[Web] [Development] Search engine indexing of qt-project.org

Tue Jun 11 17:30:28 CEST 2013

CCing web at qt-project.org...

On 11 June 2013 17:13, Robin Burchell <robin+qt at viroteck.net> wrote:
> Hi,
>
> I've noticed that the quality of search results for Qt documentation
> (and so forth) in search engines has been terrible. I just noticed
> that they now seem to be hosted directly on http://qt-project.org,
> which has a robots.txt with the following gem:
>
> User-agent: *
> Disallow: /

Really? I get a much more complete robots, which disallows only certain parts...

> This seems ... very counterproductive. It certainly explains the bad
> results.
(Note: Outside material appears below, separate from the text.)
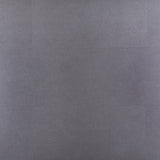 Andes tegel Dryback Ultra Mat, PVC by Homburg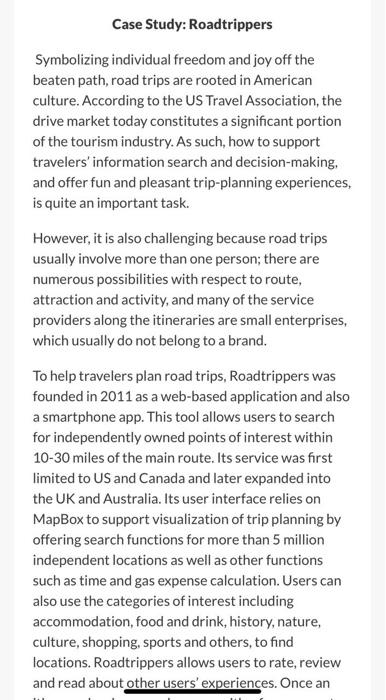 subject is E-tourism the name of the book is .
Can someone please comment why this is so, if this is
> correct, or forward it to the right people to get it fixed please?

Amongst other things, this is still open (together with its
suggestions to improve ranking, which unless implemented can't be
disproven) https://bugreports.qt-project.org/browse/QTWEBSITE-504

--
Giuseppe D'Angelo

(for reference)

$  GET http://qt-project.org/robots.txt
# Start Qt Developer Network file for metal spiders

# Skip the following:
User-agent: *
Disallow: /images/
Disallow: /themes/
Disallow: /forums/member_search/
Disallow: /forums/search_results/
Disallow: /forums/search/
Disallow: /member/
Disallow: /ignore_member/
Disallow: /forums/new_topic_search/
Disallow: /forums/view_pending_topics/
Disallow: /email/
Disallow: /wiki/*/edit/
Disallow: /wiki/*/revision/
Disallow: /wiki/diff/
Disallow: /wiki/pdf/
Disallow: /revision/
Cache-delay: 5
Crawl-delay: 2

# Allow Google to crawl our general images
User-agent: Googlebot-Image
Allow: /images/

# End robots.txt file